THE BOOK OF VODOU: CHARMS AND RITUALS TO EMPOWER YOUR LIFE

Leah Gordon
London: Quarto books, 2000.
128 pages
ISBN # 0-7641-5249-1

Comments by Bob Corbett
January 2002

At the end of my review there is a reply from Leah Gordon.

Apart from the stunning images of this little book, I was quite appalled by its content and implications. Leah Gordon says with the title that this is a book of "charms and rituals to empower your life." Yet this is misleading in many respects, one central one way being that only pages 91-123 concern the charms and rituals and the rituals are always spoken of as what happens in large groups in Haiti, hardly a recipe for how to "empower your life."

Perhaps more importantly on those very few and trivial 11 charms on pages 94-103 (that's 9 pages which center on the subtitle of the book!), Gordon utterly ignores the psychological, sociological and what Wade Davis has called the ethnobotanical impact of culture on the effective use of plants and chemicals in religious ceremonies.

The rest of the book contains accurate and extremely brief comments on various aspects of Haitian Voodoo religion. I was specially taken by a nice two page section on page 50-51 in which Gordon lays out a useful chart of the connections between Voodoo lwa and Roman Catholic saints. I have been working on a similar chart on my own web site and Gordon's is far superior to mine, and, for me, the most useful text item (if not only useful such item) in the book.

Despite all these negative things I say, the book is graphically stunning. I don't know if there is a single page that doesn't have some gleaming color photo of some ritual object or art work related to Voodoo. The graphics are simply spectacular.

On the whole the book bothers me a great deal. Voodoo is a serious religion. It has various rituals and spells and practices inside it which take believers into the spiritual and transcendental world, making both the physical world and transcendental world meaningful for the faithful, and ends up, for whatever reasons, often having the impact that the spells are desired to have.

However, taking these spells and charms out of context and presenting them like recipes in a cookbook seems to me highly cynical.

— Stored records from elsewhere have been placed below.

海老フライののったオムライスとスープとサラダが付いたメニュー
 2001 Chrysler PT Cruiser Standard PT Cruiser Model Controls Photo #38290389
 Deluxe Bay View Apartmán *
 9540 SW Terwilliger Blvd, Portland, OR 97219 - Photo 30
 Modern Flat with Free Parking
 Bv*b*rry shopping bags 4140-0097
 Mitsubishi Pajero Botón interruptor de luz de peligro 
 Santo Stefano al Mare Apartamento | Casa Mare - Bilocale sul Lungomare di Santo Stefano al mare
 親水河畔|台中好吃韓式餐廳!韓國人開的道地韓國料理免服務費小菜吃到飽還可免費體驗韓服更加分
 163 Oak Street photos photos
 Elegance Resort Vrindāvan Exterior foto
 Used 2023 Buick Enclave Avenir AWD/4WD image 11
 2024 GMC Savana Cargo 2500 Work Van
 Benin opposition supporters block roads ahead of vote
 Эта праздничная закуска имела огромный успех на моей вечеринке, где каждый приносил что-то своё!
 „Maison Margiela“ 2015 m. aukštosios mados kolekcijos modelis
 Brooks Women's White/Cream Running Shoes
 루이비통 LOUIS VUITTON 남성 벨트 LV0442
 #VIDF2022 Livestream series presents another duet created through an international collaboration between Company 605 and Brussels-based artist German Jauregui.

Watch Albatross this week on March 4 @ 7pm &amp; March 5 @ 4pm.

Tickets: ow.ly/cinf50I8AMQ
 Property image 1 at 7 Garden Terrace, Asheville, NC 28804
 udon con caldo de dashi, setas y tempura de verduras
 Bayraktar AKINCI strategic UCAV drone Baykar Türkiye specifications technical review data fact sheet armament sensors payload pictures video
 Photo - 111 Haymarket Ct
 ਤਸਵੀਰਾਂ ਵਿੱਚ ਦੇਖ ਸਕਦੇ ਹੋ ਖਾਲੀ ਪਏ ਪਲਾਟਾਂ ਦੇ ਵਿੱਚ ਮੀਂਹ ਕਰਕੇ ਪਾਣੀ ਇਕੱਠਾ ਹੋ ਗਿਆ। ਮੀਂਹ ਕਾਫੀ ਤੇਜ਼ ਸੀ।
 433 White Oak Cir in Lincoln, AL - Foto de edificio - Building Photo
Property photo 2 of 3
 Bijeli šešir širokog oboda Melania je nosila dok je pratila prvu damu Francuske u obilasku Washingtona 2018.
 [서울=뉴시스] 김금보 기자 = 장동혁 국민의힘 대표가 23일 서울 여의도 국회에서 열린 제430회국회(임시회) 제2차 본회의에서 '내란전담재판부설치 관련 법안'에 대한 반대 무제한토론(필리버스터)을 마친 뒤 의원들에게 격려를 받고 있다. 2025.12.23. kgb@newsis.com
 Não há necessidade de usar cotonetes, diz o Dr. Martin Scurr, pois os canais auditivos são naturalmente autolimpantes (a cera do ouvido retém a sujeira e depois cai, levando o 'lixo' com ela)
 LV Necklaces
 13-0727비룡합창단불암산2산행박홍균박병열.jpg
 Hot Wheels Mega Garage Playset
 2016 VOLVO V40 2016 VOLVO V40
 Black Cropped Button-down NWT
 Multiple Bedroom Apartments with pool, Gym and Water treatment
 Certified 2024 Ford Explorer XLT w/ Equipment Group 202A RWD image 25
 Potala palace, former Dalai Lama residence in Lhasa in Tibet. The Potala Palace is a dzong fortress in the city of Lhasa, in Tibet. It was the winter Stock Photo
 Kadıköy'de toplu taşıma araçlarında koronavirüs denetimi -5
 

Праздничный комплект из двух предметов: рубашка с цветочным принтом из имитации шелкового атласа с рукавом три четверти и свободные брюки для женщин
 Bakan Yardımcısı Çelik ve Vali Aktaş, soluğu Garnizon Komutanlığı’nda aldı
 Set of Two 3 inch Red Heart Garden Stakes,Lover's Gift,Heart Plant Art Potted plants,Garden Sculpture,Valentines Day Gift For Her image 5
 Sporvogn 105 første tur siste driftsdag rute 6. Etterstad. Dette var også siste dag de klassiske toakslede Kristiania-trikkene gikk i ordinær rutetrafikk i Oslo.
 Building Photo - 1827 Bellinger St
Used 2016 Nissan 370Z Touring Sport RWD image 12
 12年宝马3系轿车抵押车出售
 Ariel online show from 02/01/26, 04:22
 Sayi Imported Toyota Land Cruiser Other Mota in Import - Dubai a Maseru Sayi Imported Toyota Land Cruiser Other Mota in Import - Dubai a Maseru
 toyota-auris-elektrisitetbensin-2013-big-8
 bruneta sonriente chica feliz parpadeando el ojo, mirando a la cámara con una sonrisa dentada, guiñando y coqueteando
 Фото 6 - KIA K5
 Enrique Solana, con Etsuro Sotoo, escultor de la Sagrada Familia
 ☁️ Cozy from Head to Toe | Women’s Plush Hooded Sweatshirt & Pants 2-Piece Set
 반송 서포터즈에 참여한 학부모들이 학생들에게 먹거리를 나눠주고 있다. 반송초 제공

The charms and spells are part of an entire world view, a milieu of belief and action. I am concerned that not only the charms and spells are useless, but the religion is denigrated in the process. I am not suggesting for a second that this is Leah Gordon's INTENT. Far from it. I don't know Leah Gordon personally and would have no idea of Gordon's intent. I am rather making a claim about what I expect will be the impact of this little booklet rather than the intent of the author.

I've been hard on Gordon's book. Yet the photos are vibrant and exciting and the chart on pages 50-51 suggests a good deal of serious research. Those are useful things and for me worth the price of purchase. I just hope the volume doesn't do a lot of harm along the way.

============================

Leah Gordon Leahgordon@aol.com

I would like to respond to Bob Corbett's comments about my book and would like to explain the story behind truely terrible sub-title and defend the book against the accusations of harm and denigration - I was commissioned to write an introductory book about Vodou by a packager in London - a packager is an intermediary in the publishing industry - they work with the author, designer and art director and produce the template for the book which is then sold on to various publishers around the world - they are a rather modern phenomena in the world of publishing and I was not aware of the implications they held for my work - I was glad of the chance to explain Vodou in plain and simple terms and to illustrate it with lush examples of Haitian art and in no way wanted to produce an after dinner do-it-yourself Vodou spell cookbook - the publisher asked for a number of charms that are in use in common Vodou practice - all of these charms are already published in one form or another - and you will find them in such serious tomes as 'Voodoo in Haiti' by Alfred Metraux and 'Secrets of Voodoo' by Milo Rigaud.

There is also a authors disclaimer in the front of the book that these charms mean nothing outside of Haitian Vodou religious practice. I did not imply in any of the book that these charms are the mainstay of Vodou practice, to the contrary I emphasise that ceremony is at the core of Haitian Vodou. As to the sub-title well this was a surprise to me and one which they did not tell me about until the final proof - these are the problems when a packager is desperate to sell the book to a publisher which then has its own economic perogatives - I had a simple choice after having worked very hard at writing and producing this book - I could have had my name taken off it - the publisher didn't care - they felt that they had conceded enough with the spelling of Vodou which was a long and tedious battle before I had even signed the contract - unfortunately after all the work I had done, and because I was quite proud of my writing in the book, the look of the book and the structure, my ego got the better of me and I left my name on the book and decided to weather the storm for better or for worse. This is obviously an example of the worse.

I must re-iterate though that the charms are not fabricated by myself but discovered through reading other books on Vodou which are well respected. My heart sinks every time I see the sub-title from hell - but I do think that the book is an accessible and colourful introduction to Haitian Vodou.